Yvon Tranvouez, professeur émérite d’histoire contemporaine à l’université de Brest, membre du Centre de recherche bretonne et celtique, vient de publier L’ivresse et le vertige. Vatican II, le moment 68 et la crise catholique (1960-1980).
Le concile Vatican II, qui espérait réconcilier l’Église et le monde moderne, a très vite suscité des remous chez les clercs comme chez les fidèles. Ses décisions commençaient tout juste à être mises en oeuvre quand survint l’onde de choc de Mai 68, qui plongea plus encore le catholicisme français dans une période de fortes turbulences jusqu’à la fin des années 1970.

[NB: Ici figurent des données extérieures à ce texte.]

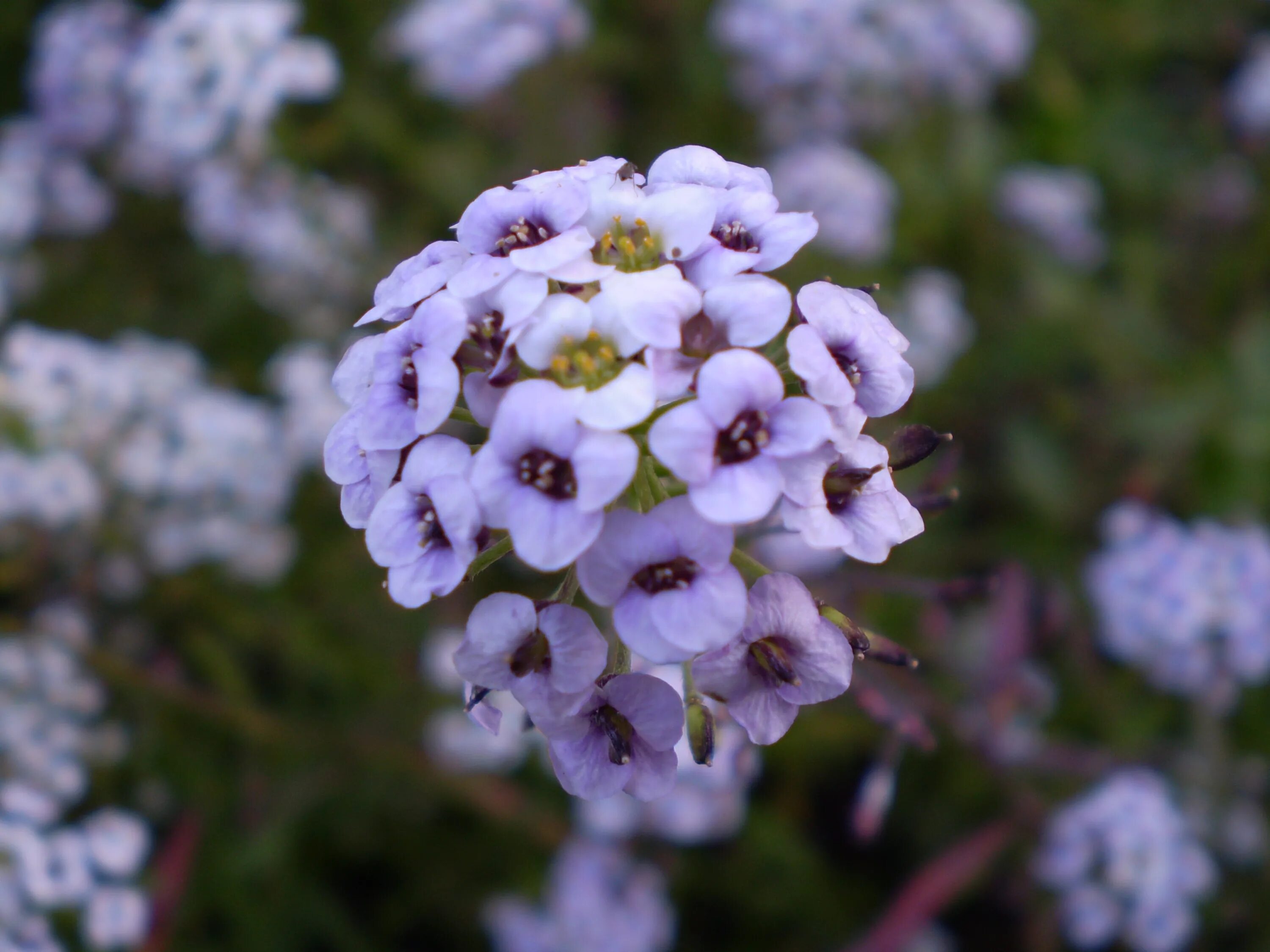Duftsteinrich Annual flowers, Alyssum, Annual plants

Certains pensent que l’Église ne s’en est pas remise, emportée depuis lors dans une spirale de déclin. D’autres estiment que cette agitation n’a fait que précipiter une reconfiguration qui serait advenue de toute manière, du fait de la sécularisation de la société contemporaine et de la montée de l’individualisme.
Revenant à la fois sur quelques questions révélatrices de ce qui s’est joué alors et sur certains acteurs qui furent au coeur de cette crise catholique, ce livre se propose d’éclairer une scène ecclésiale souvent complexe et parfois confuse, dans une période cruciale – excitante et vertigineuse à la fois – dont l’héritage est aujourd’hui fortement controversé.
L’auteur montre la dérive politique de nombreux catholiques de cette période, qui sombrent dans le gauchisme jusqu’à abandonner toute foi catholique. Il cite un texte révélateur de cette apostasie, publié par des militants de cette gauche catholique des années 1970 :
Chrétiens menant un combat révolutionnaire nous avons constaté que les chrétiens qui mènent cette lutte abandonnent tôt ou tard la foi chrétienne. Il semble qu’il y ait une incompatibilité de fait entre la foi telle qu’elle est vécue dans l’Eglise et toute entreprise de transformation radicale de la société. Nombreux sont les chrétiens qui résolvent ou ont résolu la contradiction en laissant tomber un des termes. Pour notre part, nous vivons aussi cette contradiction et il ne nous semble pas qu’elle constitue une alternative.
Pesons bien ces mots : les militants de la gauche catholique vivent dans la contradiction, mieux, ils vivent de la contradiction, cultivant plus ou moins longtemps leur conscience fausse et leur identité malheureuse, trop à gauche pour être catholiques ou trop catholiques pour être à gauche.